Variations of Weyl Type Theorems for Upper Triangular Operator Matrices

Abstract

Let \(\mathcal X\) be a Banach space and let T be a bounded linear operator on \(\mathcal {X}\). We denote by S(T) the set of all complex \(\lambda \in \mathcal {C}\) such that T does not have the single-valued extension property.

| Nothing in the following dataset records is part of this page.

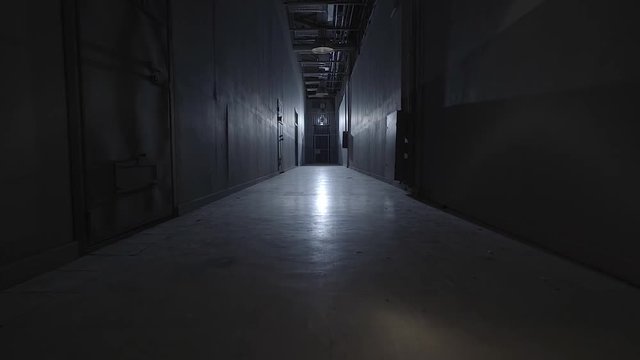 camera walking in the path inside prison with cells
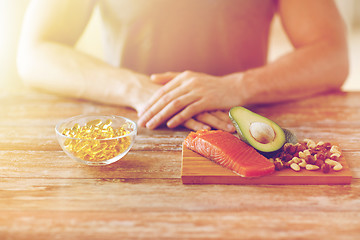 Image showing close up of male hands with food rich in protein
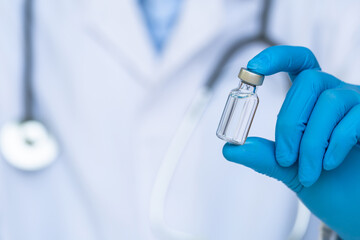 Coronavirus Vaccine concept in hand of doctor vaccine jar. Vaccine Concept of fight against...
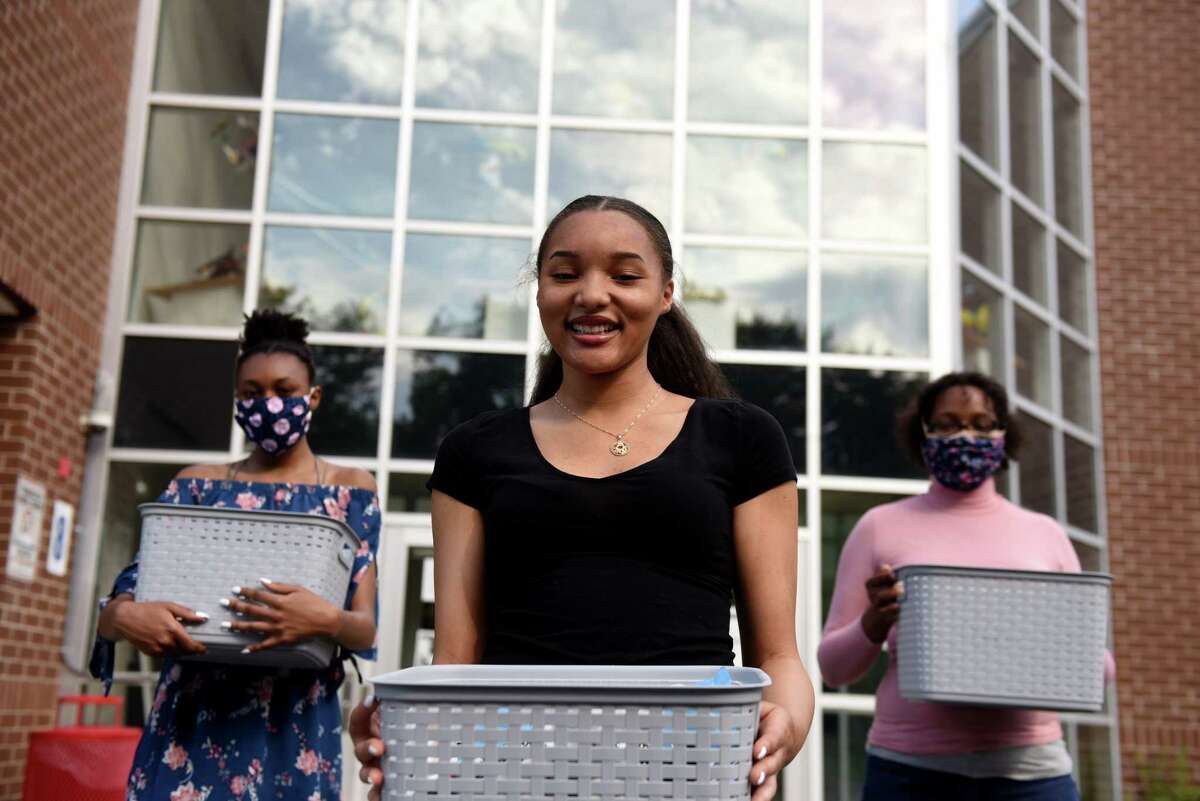 Graduating Schenectady High School senior Kini-Analysa McCalmon, center, is pictured with her sister, Zilya, 14, left, and mother, Thearse McCalmon, right, on Thursday, June 4, 2020, in Schenectady, N.Y. Kini-Analysa made face masks and assisted her community in overcoming coronavirus hardships. (Will Waldron/Times Union)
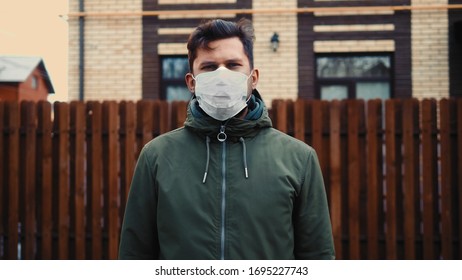 COVID-19 Man in city street wearing face mask protective for spreading of Coronavirus Disease in europe. Portrait of man with surgical mask on face against SARS-CoV-2.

In this paper it is shown that if M_C is a 2 × 2 upper triangular operator matrix acting on the Banach space \(\mathcal {X} \oplus \mathcal {Y}\), then the passage from σ_LD(A) ∪ σ_LD(B) to σ_LD(M_C) is accomplished by removing certain open subsets of σ_d(A) ∩ σ_LD(B) from the former, that is, there is the equality σ_LD(A) ∪ σ_LD(B) = σ_LD(M_C) ∪ℵ, where ℵ is the union of certain of the holes in σ_LD(M_C) which happen to be subsets of σ_d(A) ∩ σ_LD(B). Generalized Weyl’s theorem and generalized Browder’s theorem are liable to fail for 2 × 2 operator matrices. In this paper, we also explore how generalized Weyl’ theorem, generalized Browder’s theorem, generalized a-Weyl’s theorem and generalized a-Browder’s theorem survive for 2 × 2 upper triangular operator matrices on the Banach space.